In a pronouncement that is news to nobody, AT&T announced at a recent investor day event that it has plans to cut its copper network footprint in half by 2025. This can’t be a surprise from a company that stopped connecting new DSL customers in October 2020. I figured we could start the countdown clock on copper from that date.
However, Jeff McElfish, the CEO of AST&T’s Communications division, said something that is surprising. He said the company isn’t planning to forcibly move customers off copper as they decommission copper. He says customers are naturally migrating off copper. I find that hard to believe.

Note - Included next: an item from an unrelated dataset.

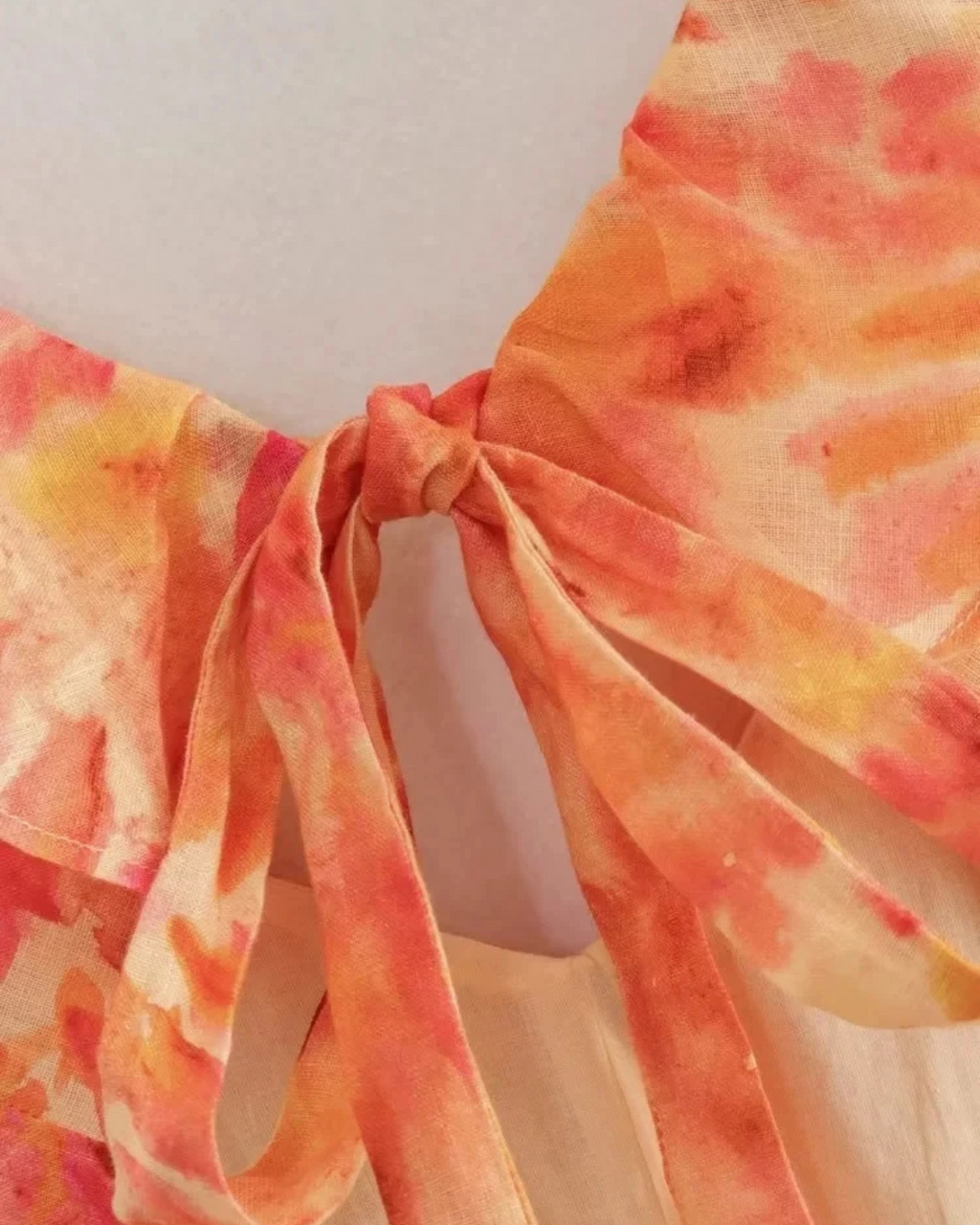 Oranje Backless Maxi Jurk met Ruche en Print voor Dames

My consulting firm administers surveys, and we are still seeing DSL penetration rates in cities between 10% and 40%. Our surveys indicate that the people who are staying with DSL are doing so because of price – they largely hate DSL performance, but it’s what they can afford. This is not hard to understand when looking at the rates for broadband from the big cable companies.
In this blog, I’ve often talked about how expensive broadband is from Comcast and Charter, but broadband rates from some of the other cable companies like Cox and Atlantic Broadband are even higher. There are a lot of homes that can’t afford the cable company prices. It’s hard for me to believe that all of these people are going to voluntarily walk away from DSL over the next two or three years. The last estimate I vaguely remember reading was that there is still something like 19 million households still using DSL.
McElfish said AT&T plans to have 75% of its footprint covered by fiber or fixed cellular wireless by 2025 – I have to assume that in terms of square miles of footprint that this will mostly be wireless. AT&T is going to have a PR problem with trying to push customers to wireless. For rural customers within reach of a tower, a switch from DSL to fixed cellular wireless will be a no-brainer. The broadband speeds will be faster, and the price still affordable. But the big problem in rural markets is that there are huge parts of rural America where fixed wireless won’t work. The rural cellular coverage maps for all three big cellular companies are a joke, and anybody who drives into rural areas can see that you don’t usually have to go far to run out of bars of service. It’s worth noting that cellular voice covers a much larger footprint than cellular data. At some point, AT&T will have to drop rural DSL customers who might have no other alternative than satellite broadband. Extrapolating from McElfish’s statement of covering 75% of the footprint means that AT&T will be abandoning folks in 25% of its footprint.
Urban areas are a bigger issue for AT&T because that’s where most of the DSL customers remain. It’s clear that AT&T has no goal of overbuilding whole cities with fiber but is building in selected neighborhoods. It’s not clear if those neighborhoods are chosen due to the most affordable construction costs or the best demographics – but AT&T will not be building fiber to cover the majority of its footprint in most cities.
With today’s 4G LTE technology that’s been branded as 5G, AT&T is not prepared to deliver fixed cellular broadband to huge numbers of people in cities. That’s what 5G is supposed to fix, and it’s not here yet. But even when AT&T finally implements real 5G (estimated to be 5 – 7 years in the future), the company would have to install a huge number of small cell sites to have enough broadband capacity to migrate DSL customers to fixed cellular broadband. And that means building more fiber deep into neighborhoods to serve the small cell sites. None of that is happening by 2025, so AT&T must be planning on turning down rural copper markets first.
Perhaps AT&T is really counting on everybody else to pick up its DSL customers. T-Mobile is already aggressively rolling out fixed cellular broadband, and Verizon plans a big push starting in late summer of this year. Dish plans to open 25 major markets with cellular data by June. Smaller wireless player like Starry might be making a dent by 2025.
AT&T is ultimately going to have to force people off DSL. The download speeds on much urban DSL are not dreadful, at 15 – 30 Mbps, although upload speeds are nonexistent. I don’t see millions of people voluntarily abandoning the product so that AT&T can tear down the copper without a public stir.
But maybe there is another motive behind this – as the technicians who understand DSL keep retiring, AT&T might not be able to keep DSL running by 2025. I know that sounds cynical, but I don’t think it’s far from the truth.